Hoon code is rather interesting to look at (random file: https://github.com/urbit/urbit/blob/master/pkg/arvo/lib/aqua...) especially with its rune vs keyword syntax choice, but I don't think it's worth the effort.


Interestingly, the author mentioned both M-expressions ("never implemented") and Mathematica (with a number of interesting links). Mathematics expressions are quite close to https://en.wikipedia.org/wiki/M-expression . Function application is not (f x y) or f[x; y] but f[x, y]. In contrasts, lists in Mathematica are {1,2,3} and thus pretty close to [1;2;3]. This curly bracket list notation is already syntactic sugar, as Lists are actually List[1,2,3] and thus very transparent to how you can represent them in LISP. Mathematica introduces a number of handy abbreviations such as f@x for f[x] or {x,y,z}/.f == Map[f,{x,y,z}] == {f[x],f[y],f[z]}. It even "overloads" the double semicolon symbol ;; basically acting as as in/pre/post-fix "operator", cf. https://reference.wolfram.com/language/ref/Span.html -- the same is true with virtually any symbol such as "==" (Equals) or "+" (Plus).

The Mathematica/Wolfram language could really be a game changer if it was open source.


> M-expressions ("never implemented")

There were a bunch of approaches and even implemented languages.

https://github.com/shaunlebron/history-of-lisp-parens/blob/m...


It already is:

https://mathics.org/


Even F[1,2,3] is sugar for and sexp. If you treat it like (F 1 2 3) it will work. You can take the head, or "quote" it with Hold. Or you can forget that an imagine that the language indexes from 1.
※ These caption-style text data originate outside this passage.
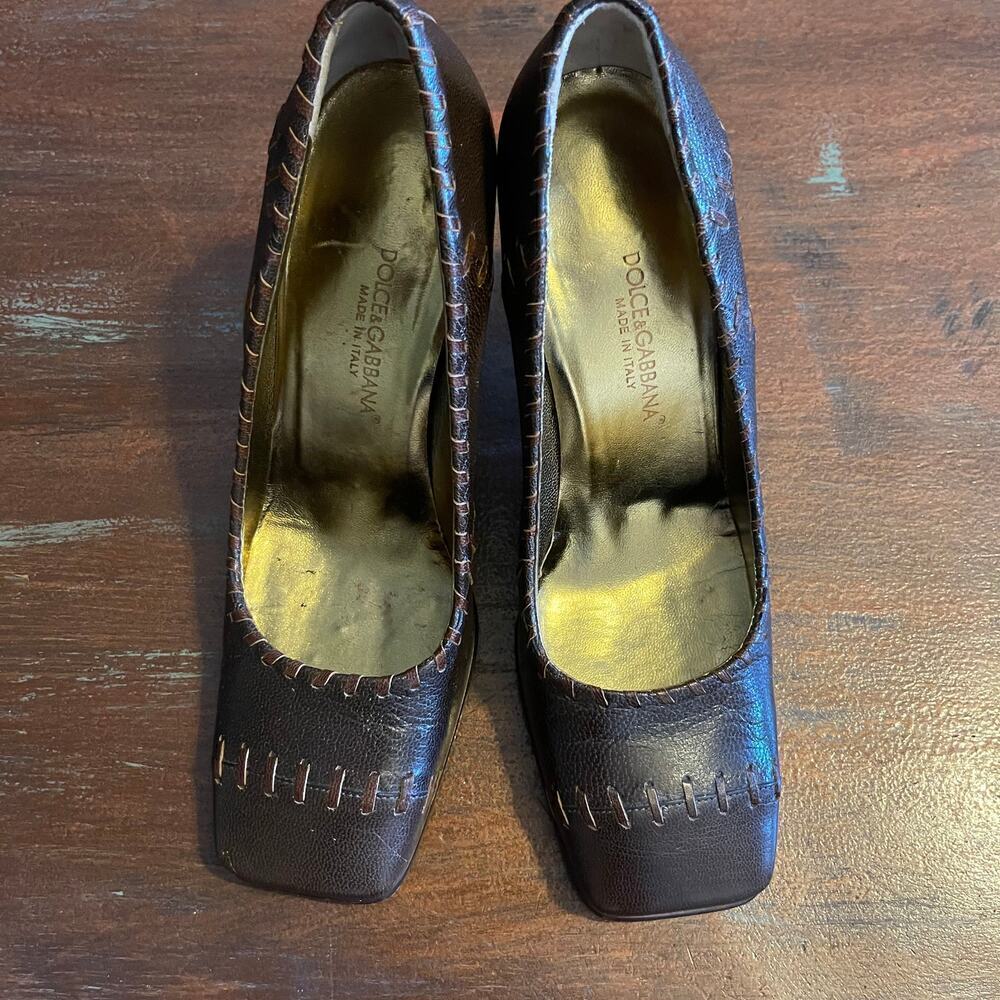 DOLCE & GABBANA Stitched Square Toes Block Heel Women's Shoes Sz 37 / 6.5 US - Picture 3 of 10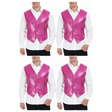 4x Mens Premium Pink Sequin Vest Bulk Pack - Disco Sparkle 70s Dance Costume (Fancy Dress)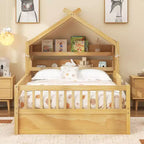 Lit cabane en bois ModernLuxe (taille lit simple/double) avec tête de lit de rangement, cadre de lit pour enfants en pin massif avec barrières de sécurité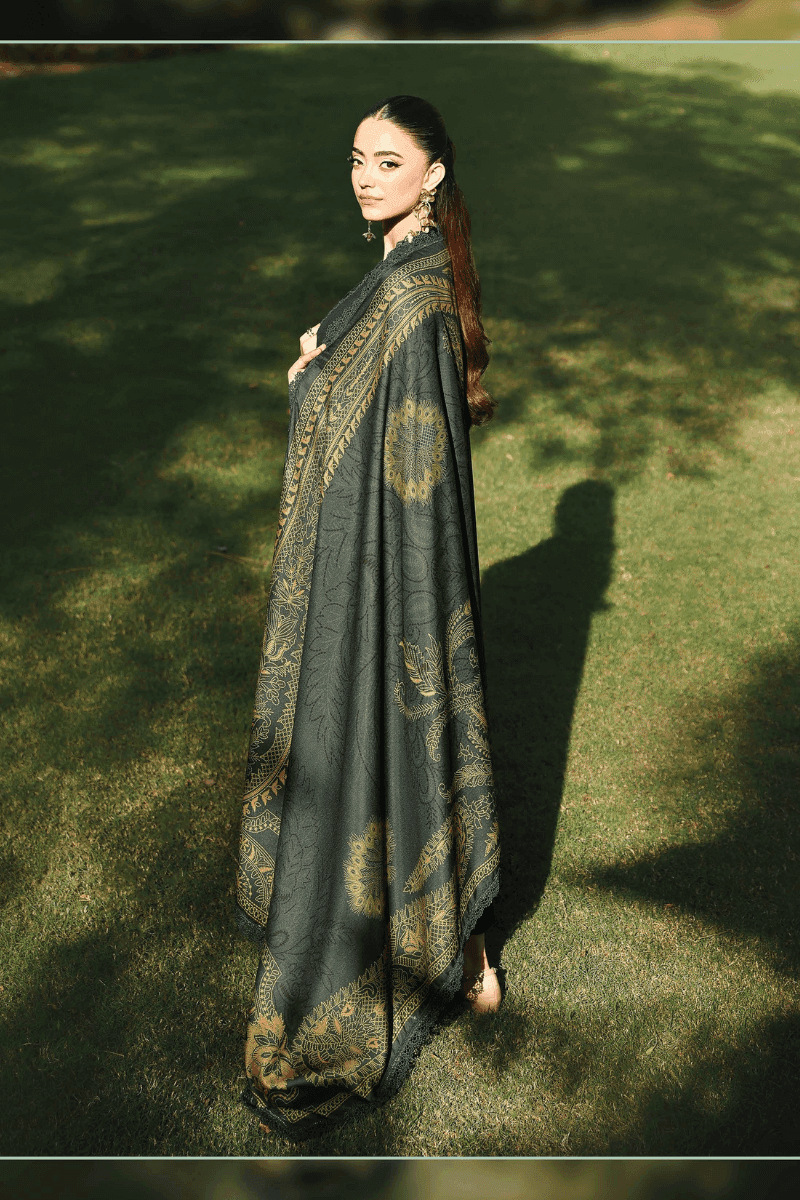 Back view of rangreza AL-1130 showcasing detailed wool shawl with golden motifs, paired with elegant green chikankari suit.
Editor support is missing adjust-parens[1], which I've been using for about a decade.

1: https://elpa.gnu.org/packages/adjust-parens.html


Do you use this as an alternative to paredit?


Yes. Lisp code is only a small fraction of the code I edit, and trying to get my fingers to switch between paredit and not-paredit mode is not something I've been successful at. Adjust-parens lets me use line-oriented editing commands to structurally manipulate the lisp code, so it's much easier to context switch between lisp and not-lisp code.


Scribble (Racket documentation language) uses a very interesting @-syntax that is very similar to m-expressions. '@func[x y]{some text}\ -> '(func x y "some text")'.


Which is basically the syntax of Scribe, an early markup language from CMU's Brian Reid.

https://en.wikipedia.org/wiki/Scribe_(markup_language)

There is a user's manual from 1978: http://bitsavers.informatik.uni-stuttgart.de/pdf/cmu/scribe/...


"Elegant weapons for a more civilized age"

https://xkcd.com/297/


> Although LISP is one of the most powerful tools available ... the format of the input language (S-expression) is awkward to use -- so awkward that many errors in programming LISP stem directly from the fact that S-expressions are the only allowable form of input. The inherent difficulty of producing correctly working S-expressions is tacitly recognized by anyone who uses M-expressions in place of them, when not communicating directly with the computer.

Extremely accurate and written in 1964.


Editors have come a long way in those 60 years.

Having written some Racket and Scheme, I notice no increase in the amount of syntax errors compared to other languages. Other languages have all sorts of syntactical gotchas because of all the syntax features they have.